The more common derivative of a lift-and-shift is a lift-tinker-shift migration, where the majority of the workloads are moved; however, specific components are upgraded or swapped out for cloud services. For example, moving 100 instances from an on-premises data center to the cloud, but standardizing on a specific operating system (for example, Red Hat Enterprise Edition), moving all databases into a cloud vendor managed service (for example, Amazon Relational Database Service), and storing backup or archive files in a cloud storage blog storage (for example, Amazon Simple Storage Service) would constitute a lift-tinker-shift migration. This type of migration would most likely save the company a lot of money for the business case, take advantage of some of the most mature services in the cloud, and allow for significant long-term advantages with future deployments.

Re-engineer migration

Companies that are truly moving to be a cloud native organization will most likely choose to re-engineer most of their legacy workloads so that they can take advantage of the scale and innovation that the cloud has to offer. Workloads that are chosen to be migrated to the cloud but re-engineered in the process might take longer to move, but once completed they will fall on some part of the CNMM and be considered cloud native. These types of migrations are not quite greenfield development projects, but are also not lift-and-shift migrations either; they are designed to have significant portions of the application workloads rewritten or replatformed, so they fit the cloud native standards. For example, a composite application contains 100 instances using a traditional SOA architecture, containing five different distinct workloads with an ESB to mediate traffic. To re-engineer this composite application, the company would decide to remove the ESB, break the distinct workloads into more function-based microservices, remove as many instances as possible by leveraging serverless cloud services, and reformat the database to be NoSQL instead of relational.

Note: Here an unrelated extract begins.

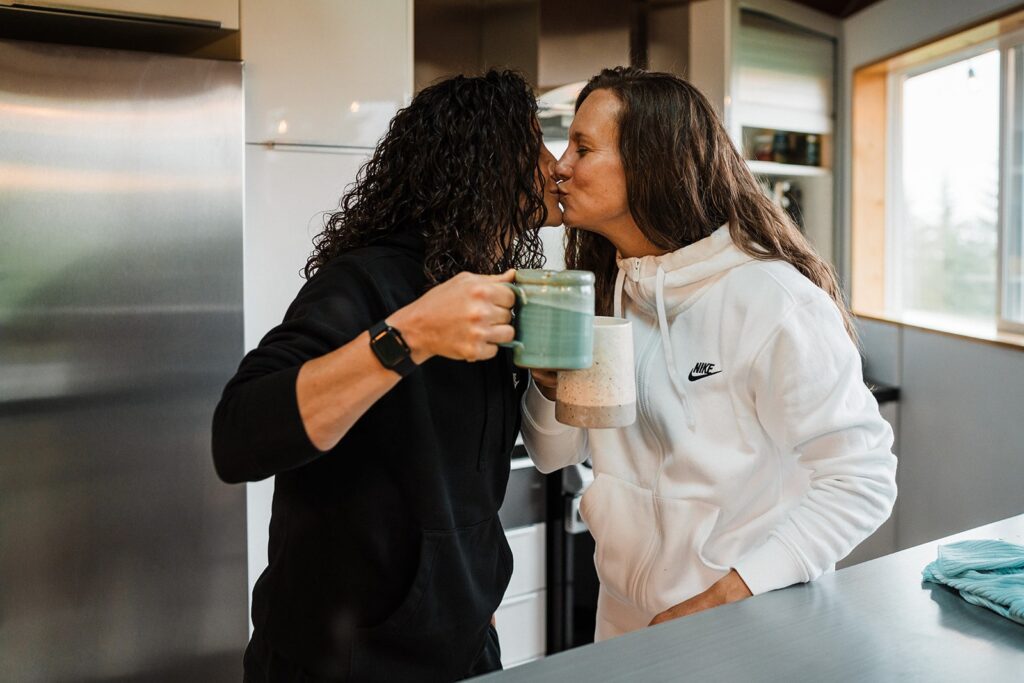 Women kiss in the kitchen on the morning of their LGBTQ wedding.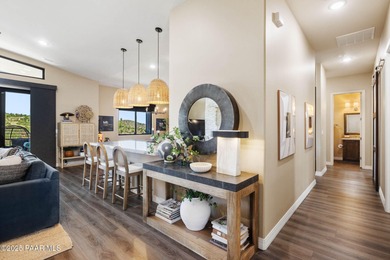 Discover this masterfully upgraded, lightly lived-in gem where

Migrating workloads using a re-engineering approach is a good way for the trail blazers of a company's DevOps team to create a significant project, dive deep into the designing of the architecture, and employ all new skills and techniques for their cloud native journey. We believe that, over time, the majority of migration projects will be re-engineering existing workloads to take advantage of cloud computing.

Cloud native companies

While technically not a migration, cloud native companies that are creating new applications will choose to go through the entire development cycle with a cloud native architecture in mind. Even workloads that are re-engineered might not be able to fully change their underlying technologies for whatever reason. When a company chooses to go full cloud native development, all legacy approaches to development, scale constraints, slow deployments, and process and legacy-skilled workers are removed, and only the latest and greatest cloud services, architectures, and techniques are employed. Companies that have gotten to this phase of the journey are truly cloud native, and are set up for long-term success with how they develop and deploy business applications.